Raccontare una vita è sempre un processo insidioso. Se poi la vita in questione è quella della poeta Ingeborg Bachmann, la cosa si fa ancora più ardua. Margarethe von Trotta allora confeziona una pellicola solo nell'aspetto convenzionale per raccontare una donna assolutamente anticonvenzionale, almeno per l'epoca, un'anima libera e complessa che mai ha accettato di piegarsi a quelle imposizioni sociali che la volevano adattata ad un'esistenza che non l'avrebbe rappresentata, che avrebbe ingabbiato il suo spirito, la sua creatività e la sua essenza.

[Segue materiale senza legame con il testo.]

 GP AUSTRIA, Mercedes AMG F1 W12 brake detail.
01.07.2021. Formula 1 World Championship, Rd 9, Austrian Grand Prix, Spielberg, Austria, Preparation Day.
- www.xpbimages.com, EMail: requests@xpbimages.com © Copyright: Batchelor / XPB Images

Ingeborg Bachmann - Journey into the Desert, presentato alla settantatreesima edizione della Berlinale, è un ritratto di libertà che cerca di rendere giustizia ad una delle autrici europee più influenti e importanti del secolo scorso, promuovendo una narrazione intima, raramente audace, che apre però spiragli su una serie di tematiche purtroppo ancora estremamente attuali e dibattute. In questa recensione cercheremo di metterle in luce raccontandovi di un film che cresce piano piano e che alla fine riesce sicuramente nell'intento di far scoprire (o riscoprire) un'autrice da noi troppo poco citata ma che, indubbiamente, ha avuto un peso culturale estremamente rilevante per la letteratura della seconda metà del '900.
Una trama non lineare
La trama di Ingeborg Bachmann - Journey into the Desert si dipana in modo non lineare, seguendo principalmente due piani temporali distinti che si alternano e che rappresentano due momenti intimi e importanti nella vita della protagonista: l'una la profonda crisi nata da una relazione deleteria, l'altra una rinascita, un periodo catartico e liberatorio.

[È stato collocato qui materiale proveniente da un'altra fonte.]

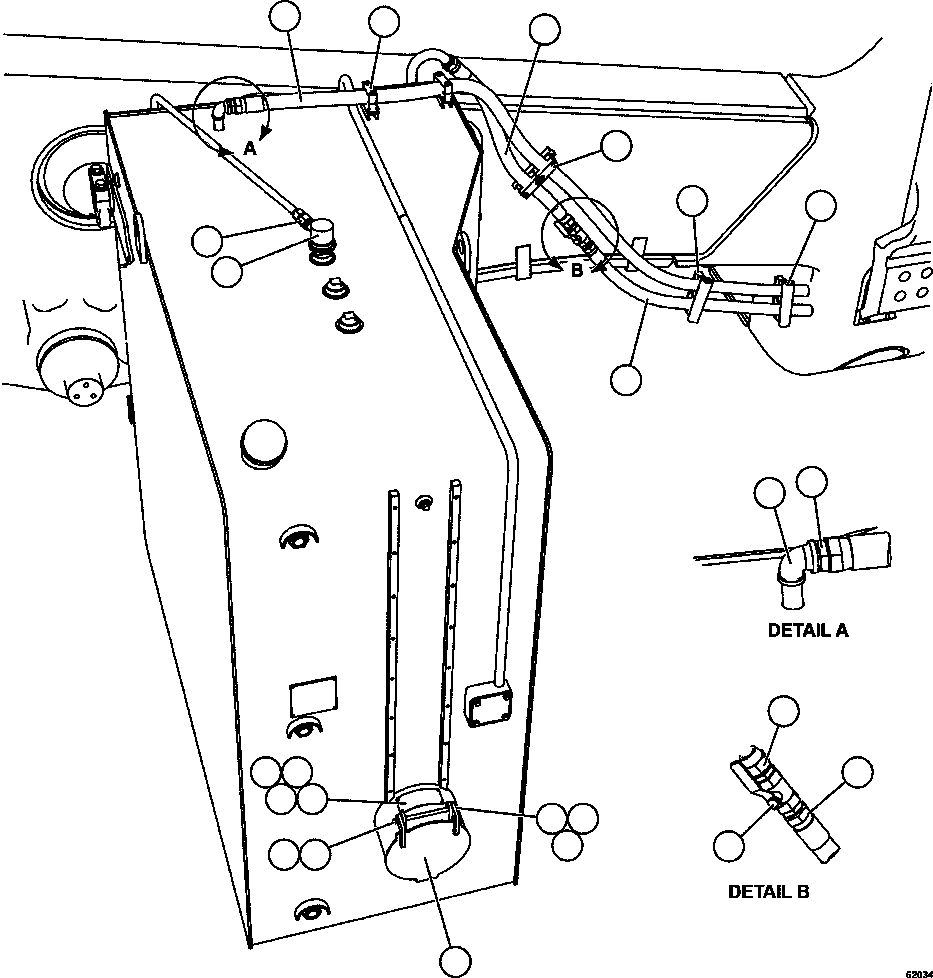 Komatsu parts book diagram for AFE59-FK 930E-4 S/N A31674 - A31676, A31685, A31687 & A31689  JWANENG: FUEL SYSTEM PIPING     1/3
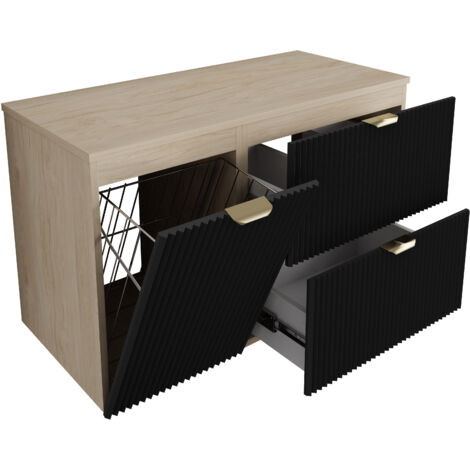 Mobile da bagno con frontale scanalato 40 cm con lavabo, bianco, con maniglia nera, 40,5 × 22,5 × 57 cm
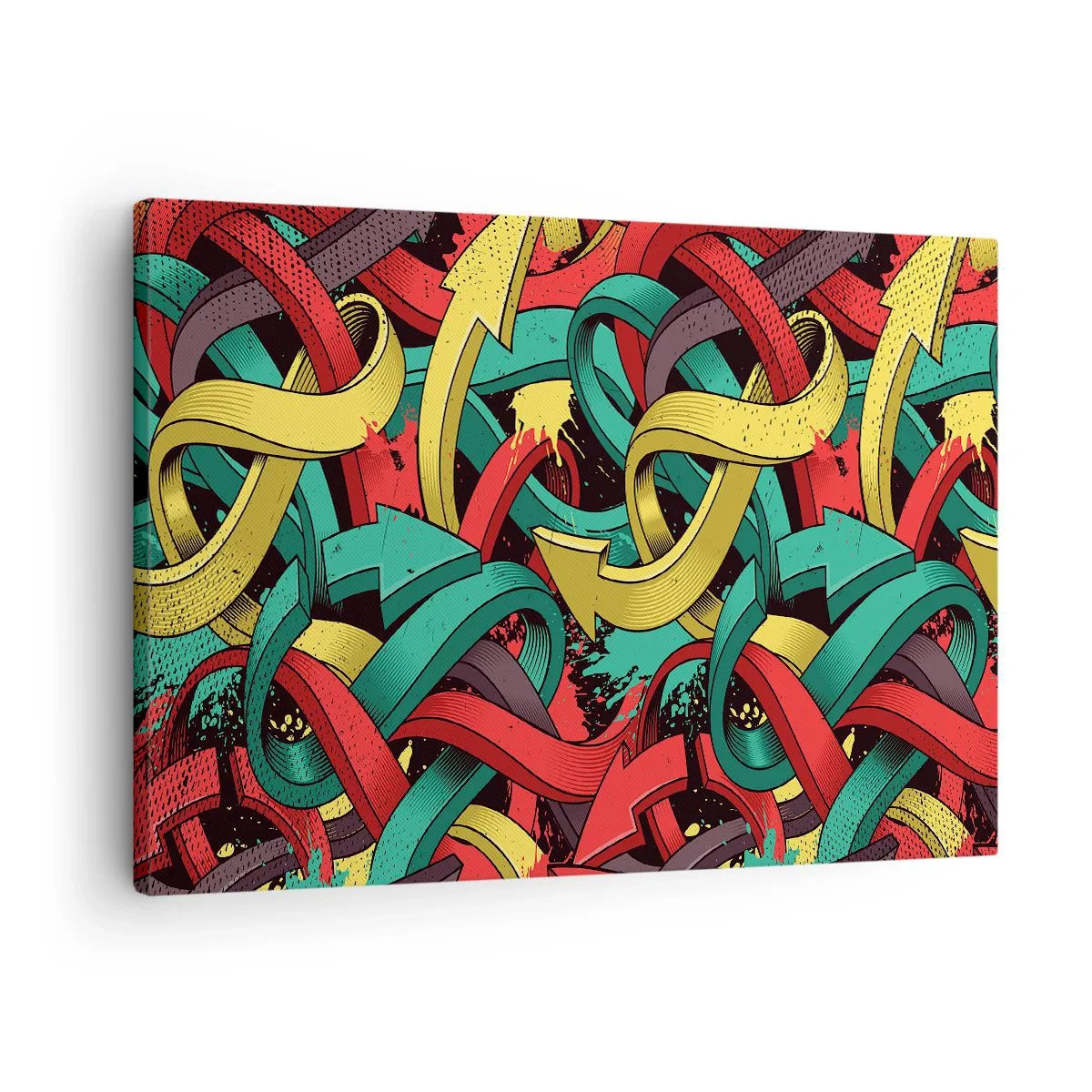 Tablou pe pânză Canvas - Săgeți abstracte în culori vibrante creând haos - 70x50cm - Pe unde să mergem? - Decorațiune modernă pentru perete pentru living și dormitor ARTTOR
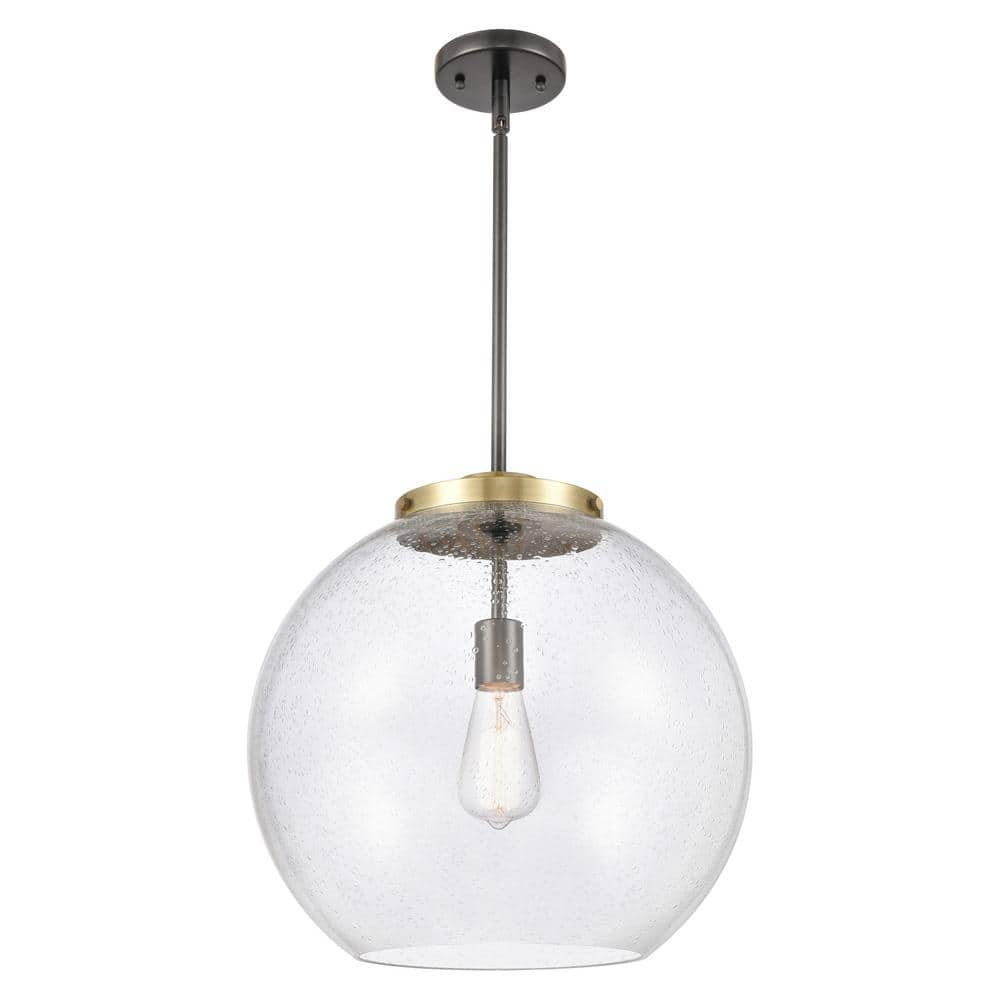 Athens 60-Watt 1-Light Black Antique Brass Shaded Mini Pendant Light with Seedy Glass price history on PriceWatchPro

Ingeborg Bachmann è una poeta e scrittrice affermata, una vera celebrità nel campo della letteratura, che una sera incontra a Parigi lo scrittore e architetto svizzero Max Frisch, anche lui molto conosciuto nell'ambiente. Tra i due nasce una relazione destinata a durare per diversi anni anche se problematica: l'uomo non riesce ad accettare la fama e le attenzioni che gravitano su Bachmann e proprio per questo diventa geloso, possessivo e autoritario. Dall'altra parte abbiamo un secondo filone narrativo in cui ci viene raccontato il viaggio di Ingeborg Bachman insieme ad Adolf Opel nel deserto egiziano.
Se nella prima linea temporale vediamo una donna in lotta per la sua affermazione, in fuga da una serie di costrutti sociali che non la rispecchiano, nella seconda conosciamo una Bachmann più autentica, complessa e libera.
Una narrazione poco moderna
Raccontare una donna attraverso le sue vicende sentimentali è forse retaggio di un vecchio modo di fare narrazione. Usare la vita amorosa come cardine di una storia ha spesso l'inconveniente di restituire un'esistenza a metà, un personaggio che sembra esistere solo se accanto a qualcuno. Non possiamo affermare purtroppo che questo non accada anche in Ingeborg Bachmann - Journey into the Desert: la figura di Bachmann sembra ruotare intorno alle sue controparti maschili, oppositori o alleati che siano, e questo le toglie in parte spessore. La condizione della donna, la sua libertà sessuale, lo sforzo per ottenere un trattamento paritario, sono tutte tematiche che invece vengono trattate con efficacia: la vita della poeta austriaca è raccontata con lo scopo preciso di far passare dei messaggi, di mostrare quanto questa donna così complessa ma con un'idea ben precisa di sé abbia usato, seppur con fatica, la forza della cultura e del suo intelletto per scardinare costrutti millenari, per liberarsi dolorosamente da una gabbia che le si stava stringendo intorno.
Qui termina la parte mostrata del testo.